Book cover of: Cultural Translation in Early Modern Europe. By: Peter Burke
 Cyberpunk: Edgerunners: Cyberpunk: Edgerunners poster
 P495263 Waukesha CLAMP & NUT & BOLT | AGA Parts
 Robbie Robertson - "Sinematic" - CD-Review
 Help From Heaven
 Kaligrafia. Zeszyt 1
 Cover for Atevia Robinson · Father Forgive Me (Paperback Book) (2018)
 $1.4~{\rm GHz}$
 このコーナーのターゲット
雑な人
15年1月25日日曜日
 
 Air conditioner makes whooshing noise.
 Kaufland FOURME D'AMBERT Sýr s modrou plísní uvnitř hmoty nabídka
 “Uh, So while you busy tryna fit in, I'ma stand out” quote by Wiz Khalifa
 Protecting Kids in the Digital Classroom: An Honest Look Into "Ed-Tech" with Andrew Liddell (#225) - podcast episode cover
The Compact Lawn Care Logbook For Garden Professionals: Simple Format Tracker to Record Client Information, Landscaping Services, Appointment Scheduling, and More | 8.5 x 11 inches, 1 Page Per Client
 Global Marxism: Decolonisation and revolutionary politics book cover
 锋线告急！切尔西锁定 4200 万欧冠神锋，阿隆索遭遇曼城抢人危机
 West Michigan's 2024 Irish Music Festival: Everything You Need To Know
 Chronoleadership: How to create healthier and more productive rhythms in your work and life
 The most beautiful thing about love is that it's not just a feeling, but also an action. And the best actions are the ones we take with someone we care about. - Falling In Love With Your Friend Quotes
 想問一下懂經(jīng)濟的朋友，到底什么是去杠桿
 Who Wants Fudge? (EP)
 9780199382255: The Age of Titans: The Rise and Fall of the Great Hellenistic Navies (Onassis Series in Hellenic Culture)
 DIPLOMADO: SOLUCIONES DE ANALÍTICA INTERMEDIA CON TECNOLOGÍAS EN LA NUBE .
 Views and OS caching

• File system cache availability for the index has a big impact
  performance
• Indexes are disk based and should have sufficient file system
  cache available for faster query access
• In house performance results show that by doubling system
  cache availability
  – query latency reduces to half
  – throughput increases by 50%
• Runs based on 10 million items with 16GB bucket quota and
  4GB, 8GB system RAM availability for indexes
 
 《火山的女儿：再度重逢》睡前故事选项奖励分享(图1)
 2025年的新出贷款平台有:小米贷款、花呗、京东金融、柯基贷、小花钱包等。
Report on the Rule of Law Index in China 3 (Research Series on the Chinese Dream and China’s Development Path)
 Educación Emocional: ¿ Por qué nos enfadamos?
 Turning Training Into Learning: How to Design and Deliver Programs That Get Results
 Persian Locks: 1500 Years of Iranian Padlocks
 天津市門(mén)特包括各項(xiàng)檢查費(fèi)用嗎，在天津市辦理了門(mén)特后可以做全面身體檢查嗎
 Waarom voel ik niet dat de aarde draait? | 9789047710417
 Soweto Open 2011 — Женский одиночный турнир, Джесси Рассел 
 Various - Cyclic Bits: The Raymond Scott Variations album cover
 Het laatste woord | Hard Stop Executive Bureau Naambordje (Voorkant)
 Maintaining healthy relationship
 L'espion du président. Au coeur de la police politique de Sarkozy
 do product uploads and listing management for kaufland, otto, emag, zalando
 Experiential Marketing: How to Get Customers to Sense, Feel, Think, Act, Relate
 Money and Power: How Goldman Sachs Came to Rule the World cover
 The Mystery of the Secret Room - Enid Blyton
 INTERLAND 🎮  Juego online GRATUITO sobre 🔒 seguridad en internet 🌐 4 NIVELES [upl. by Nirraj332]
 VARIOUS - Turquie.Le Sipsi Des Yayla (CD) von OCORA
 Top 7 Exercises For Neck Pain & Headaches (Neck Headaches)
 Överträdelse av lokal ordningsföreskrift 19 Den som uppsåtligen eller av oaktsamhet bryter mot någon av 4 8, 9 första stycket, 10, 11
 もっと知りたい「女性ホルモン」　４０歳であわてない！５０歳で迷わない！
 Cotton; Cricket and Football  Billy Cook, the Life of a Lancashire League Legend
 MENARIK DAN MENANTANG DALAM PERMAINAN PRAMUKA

★ ★ ★

■ What is expected ■
Give back all the records exactly as they stand.

■ Reply ■
Book cover of: Cultural Translation in Early Modern Europe. By: Peter Burke
 Cyberpunk: Edgerunners: Cyberpunk: Edgerunners poster
 P495263 Waukesha CLAMP & NUT & BOLT | AGA Parts
 Robbie Robertson - "Sinematic" - CD-Review
 Help From Heaven
 Kaligrafia. Zeszyt 1
 Cover for Atevia Robinson · Father Forgive Me (Paperback Book) (2018)
 $1.4~{\rm GHz}$
 このコーナーのターゲット
雑な人
15年1月25日日曜日
 
 Air conditioner makes whooshing noise.
 Kaufland FOURME D'AMBERT Sýr s modrou plísní uvnitř hmoty nabídka
 “Uh, So while you busy tryna fit in, I'ma stand out” quote by Wiz Khalifa
 Protecting Kids in the Digital Classroom: An Honest Look Into "Ed-Tech" with Andrew Liddell (#225) - podcast episode cover
The Compact Lawn Care Logbook For Garden Professionals: Simple Format Tracker to Record Client Information, Landscaping Services, Appointment Scheduling, and More | 8.5 x 11 inches, 1 Page Per Client
 Global Marxism: Decolonisation and revolutionary politics book cover
 锋线告急！切尔西锁定 4200 万欧冠神锋，阿隆索遭遇曼城抢人危机
 West Michigan's 2024 Irish Music Festival: Everything You Need To Know
 Chronoleadership: How to create healthier and more productive rhythms in your work and life
 The most beautiful thing about love is that it's not just a feeling, but also an action. And the best actions are the ones we take with someone we care about. - Falling In Love With Your Friend Quotes
 想問一下懂經(jīng)濟的朋友，到底什么是去杠桿
 Who Wants Fudge? (EP)
 9780199382255: The Age of Titans: The Rise and Fall of the Great Hellenistic Navies (Onassis Series in Hellenic Culture)
 DIPLOMADO: SOLUCIONES DE ANALÍTICA INTERMEDIA CON TECNOLOGÍAS EN LA NUBE .
 Views and OS caching

• File system cache availability for the index has a big impact
  performance
• Indexes are disk based and should have sufficient file system
  cache available for faster query access
• In house performance results show that by doubling system
  cache availability
  – query latency reduces to half
  – throughput increases by 50%
• Runs based on 10 million items with 16GB bucket quota and
  4GB, 8GB system RAM availability for indexes
 
 《火山的女儿：再度重逢》睡前故事选项奖励分享(图1)
 2025年的新出贷款平台有:小米贷款、花呗、京东金融、柯基贷、小花钱包等。
Report on the Rule of Law Index in China 3 (Research Series on the Chinese Dream and China’s Development Path)
 Educación Emocional: ¿ Por qué nos enfadamos?
 Turning Training Into Learning: How to Design and Deliver Programs That Get Results
 Persian Locks: 1500 Years of Iranian Padlocks
 天津市門(mén)特包括各項(xiàng)檢查費(fèi)用嗎，在天津市辦理了門(mén)特后可以做全面身體檢查嗎
 Waarom voel ik niet dat de aarde draait? | 9789047710417
 Soweto Open 2011 — Женский одиночный турнир, Джесси Рассел 
 Various - Cyclic Bits: The Raymond Scott Variations album cover
 Het laatste woord | Hard Stop Executive Bureau Naambordje (Voorkant)
 Maintaining healthy relationship
 L'espion du président. Au coeur de la police politique de Sarkozy
 do product uploads and listing management for kaufland, otto, emag, zalando
 Experiential Marketing: How to Get Customers to Sense, Feel, Think, Act, Relate
 Money and Power: How Goldman Sachs Came to Rule the World cover
 The Mystery of the Secret Room - Enid Blyton
 INTERLAND 🎮  Juego online GRATUITO sobre 🔒 seguridad en internet 🌐 4 NIVELES [upl. by Nirraj332]
 VARIOUS - Turquie.Le Sipsi Des Yayla (CD) von OCORA
 Top 7 Exercises For Neck Pain & Headaches (Neck Headaches)
 Överträdelse av lokal ordningsföreskrift 19 Den som uppsåtligen eller av oaktsamhet bryter mot någon av 4 8, 9 första stycket, 10, 11
 もっと知りたい「女性ホルモン」　４０歳であわてない！５０歳で迷わない！
 Cotton; Cricket and Football  Billy Cook, the Life of a Lancashire League Legend
 MENARIK DAN MENANTANG DALAM PERMAINAN PRAMUKA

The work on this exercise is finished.